To check that this file contains the same information but now reordered alphabetically, I wrote a tiny parser to check each key/value. I loaded this file and one I generated from before the changes using commit 82f7151
| func toValidJson(content string) string { | ||
| content = strings.ReplaceAll(content, "` + \"`\" + `", "`") | ||
| content = strings.Replace(content, schemesTemplateValue, `"`+schemesPlaceholderToken+`"`, 1) | ||
| return content | ||
| } | ||
|
|
||
| func encodeForGoRawString(content string) string { | ||
| content = strings.ReplaceAll(content, "`", "` + \"`\" + `") | ||
| content = strings.Replace(content, `"`+schemesPlaceholderToken+`"`, schemesTemplateValue, 1) | ||
| return content | ||
| } |
There was a problem hiding this comment.
I've simplified the script as requested to marshal/unmarshal the whole json. I still had a to add a few checks in these two functions because the docs.go doesn't contain a fully valid json.

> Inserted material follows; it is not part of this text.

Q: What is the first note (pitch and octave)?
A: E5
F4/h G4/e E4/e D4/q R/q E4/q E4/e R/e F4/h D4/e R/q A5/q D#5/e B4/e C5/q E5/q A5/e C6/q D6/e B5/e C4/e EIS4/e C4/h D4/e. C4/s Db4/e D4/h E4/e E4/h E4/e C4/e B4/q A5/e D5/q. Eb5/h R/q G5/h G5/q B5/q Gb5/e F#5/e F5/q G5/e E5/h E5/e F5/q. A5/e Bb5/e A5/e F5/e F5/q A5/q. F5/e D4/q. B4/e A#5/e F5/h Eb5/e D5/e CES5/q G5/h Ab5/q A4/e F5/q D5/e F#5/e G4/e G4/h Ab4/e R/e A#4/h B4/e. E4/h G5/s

So these lines convert it into a valid one and then set it back to how it was.
|
many thanks! |
2 participants
This PR closes #822, #622 and #199.
As discussed in #822 it generates json-schema files using the signal-cli utility for it and then uses a custom script to embed those in the generated
docs.gofile.I made the script as simple as possible, which means that it doesn't update the
.yamlfile. So I removed the file from the repo.I also updated the Readme for the docs.
If swaggo/swag#2165 gets fixed, I'll make a new PR to remove the script and update the annotations accordingly but I think it still makes sense to merge as is and not wait for that.
I used copilot extensively to write this as I'm not so familiar with writing go code. I still reviewed everything and checked that it makes sense but please, have a careful look at the script in case I missed something.